START Records shown

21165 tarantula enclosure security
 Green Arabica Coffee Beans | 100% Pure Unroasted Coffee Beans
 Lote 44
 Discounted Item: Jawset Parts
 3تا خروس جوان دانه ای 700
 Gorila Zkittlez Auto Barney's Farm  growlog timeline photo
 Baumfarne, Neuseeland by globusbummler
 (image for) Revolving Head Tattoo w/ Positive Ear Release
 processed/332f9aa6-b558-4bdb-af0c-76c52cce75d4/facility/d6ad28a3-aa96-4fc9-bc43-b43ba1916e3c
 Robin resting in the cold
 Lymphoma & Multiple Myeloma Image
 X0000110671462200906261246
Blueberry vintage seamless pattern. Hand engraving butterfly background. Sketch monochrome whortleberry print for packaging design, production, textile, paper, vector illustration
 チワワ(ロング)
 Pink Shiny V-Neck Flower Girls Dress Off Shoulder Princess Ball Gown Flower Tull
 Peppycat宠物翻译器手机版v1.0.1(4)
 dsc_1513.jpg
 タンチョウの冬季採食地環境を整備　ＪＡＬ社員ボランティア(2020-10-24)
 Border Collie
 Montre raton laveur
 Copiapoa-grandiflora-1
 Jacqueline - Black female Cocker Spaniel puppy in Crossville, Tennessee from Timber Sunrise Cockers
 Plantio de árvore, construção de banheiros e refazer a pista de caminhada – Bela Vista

END Records shown

Reproduce the records above exactly.

21165 tarantula enclosure security
 Green Arabica Coffee Beans | 100% Pure Unroasted Coffee Beans
 Lote 44
 Discounted Item: Jawset Parts
 3تا خروس جوان دانه ای 700
 Gorila Zkittlez Auto Barney's Farm  growlog timeline photo
 Baumfarne, Neuseeland by globusbummler
 (image for) Revolving Head Tattoo w/ Positive Ear Release
 processed/332f9aa6-b558-4bdb-af0c-76c52cce75d4/facility/d6ad28a3-aa96-4fc9-bc43-b43ba1916e3c
 Robin resting in the cold
 Lymphoma & Multiple Myeloma Image
 X0000110671462200906261246
Blueberry vintage seamless pattern. Hand engraving butterfly background. Sketch monochrome whortleberry print for packaging design, production, textile, paper, vector illustration
 チワワ(ロング)
 Pink Shiny V-Neck Flower Girls Dress Off Shoulder Princess Ball Gown Flower Tull
 Peppycat宠物翻译器手机版v1.0.1(4)
 dsc_1513.jpg
 タンチョウの冬季採食地環境を整備　ＪＡＬ社員ボランティア(2020-10-24)
 Border Collie
 Montre raton laveur
 Copiapoa-grandiflora-1
 Jacqueline - Black female Cocker Spaniel puppy in Crossville, Tennessee from Timber Sunrise Cockers
 Plantio de árvore, construção de banheiros e refazer a pista de caminhada – Bela Vista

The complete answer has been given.